Aquarium - DIY Canopy

My DIY Canopy Page. Build log of a do it yourself aquarium canopy to fit my 75 gallon fish tank.

I needed a canopy for my new-used (got from craigslist) 75 gallon tank. I learned much from building my own DIY stand for it. I used Google's sketchup program for many hours to come up with what I was looking for. I had used the program to do the stand and even though it took many hours of design time, it really made putting it all together extremely easier than if i did it on the fly.

I wanted a canopy that was high enough that feeding the fish would be easy, as well as doing routine and simple maintenance without having to remove it. I did lots of research on Google, looked at lots of images and decided I wanted one where the front would lift. My carpentry skills are not really good enough to do cabinets doors and I thought they might limit access anyway. I figured I should err on the side of height. Once I add lighting, I may still have a couple of inches to get my arms in, remove or add rock and whatever else. So I decided to around 9" high.
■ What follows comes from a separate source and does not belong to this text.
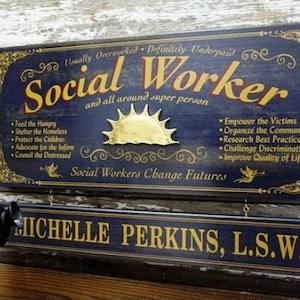 Social Worker Wood Sign with Optional Personalization image 1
Took me a while to figure out how I was going to do the lid so that I could easily feed the fish, reach the bottom of the tank and perform and maintenance on lights and such. I ended up designing the lid to be attached to the top, which would be three pieces and get hinged (using a piano hinge) so that the front and part of the top would lift out of the way, or fold back if you will. I went this route for two reasons - to make more room to access and I wouldn't need any sort of "prop" to hold the lid open. When I open it, it'll essentially fold over and rest on the other half of the top. I hinged two of top pieces together using a piano hinge. I know it'll rust over time, but they are not that expensive or hard to replace. The third part of the top you see in the drawing below will just be a 1 x 4 that rests on the back half so it can be lifted out in case I need to get access to the back of the tank.
The canopy will be made from select pine since I used sanded plywood for the stand skin. I ended up going with 12" boards for the front and sides, two 6" and one 8" for the top. I had to cut the top rear board down to 5 1/4" to make everything fit happy. The front has a 1" x 2" that goes across the bottom to add strength and support the top, so it rests on the top of the tank as you can see in a pic below. Inside the canopy will be 1" x 2" boards to make a "groove" for the light board (I'm making retro T5 lights) to be able to rest on. I add a top so that, if I slide the board out, but don't actually take it out, it won't fall.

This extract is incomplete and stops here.